Return each line of the data below exactly, omitting any pictures.

Dataset entries
=== Section Start ===
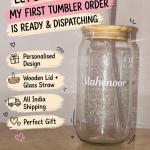 Personalized tumbler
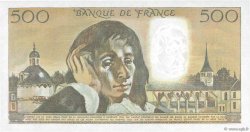 500 Francs PASCAL FRANCE  1976 F.71.15a SPL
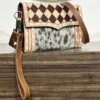 Brown & Tan Checkered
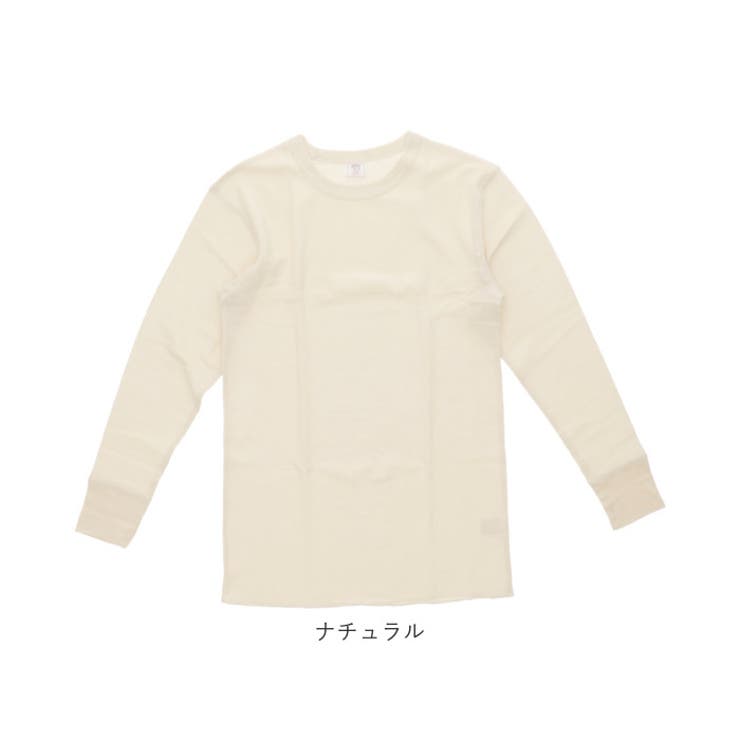 JEMORGAN ワッフル長袖 クルーネック | BACKYARD FAMILY | 詳細画像11 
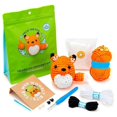 thumbnail image 1 of Beginners Crochet Kit DIY Knitting with Step-by-Step Video C, 1 of 5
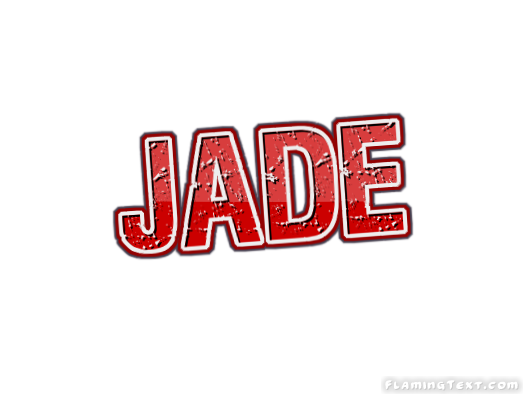 Jade Logotipo Ferramenta de Design de Nome Grátis a partir de Texto Flamejante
=== Section End ===
> [TASK RESULT]:
 Personalized tumbler
 500 Francs PASCAL FRANCE  1976 F.71.15a SPL
 Brown & Tan Checkered
 JEMORGAN ワッフル長袖 クルーネック | BACKYARD FAMILY | 詳細画像11 
 thumbnail image 1 of Beginners Crochet Kit DIY Knitting with Step-by-Step Video C, 1 of 5
 Jade Logotipo Ferramenta de Design de Nome Grátis a partir de Texto Flamejante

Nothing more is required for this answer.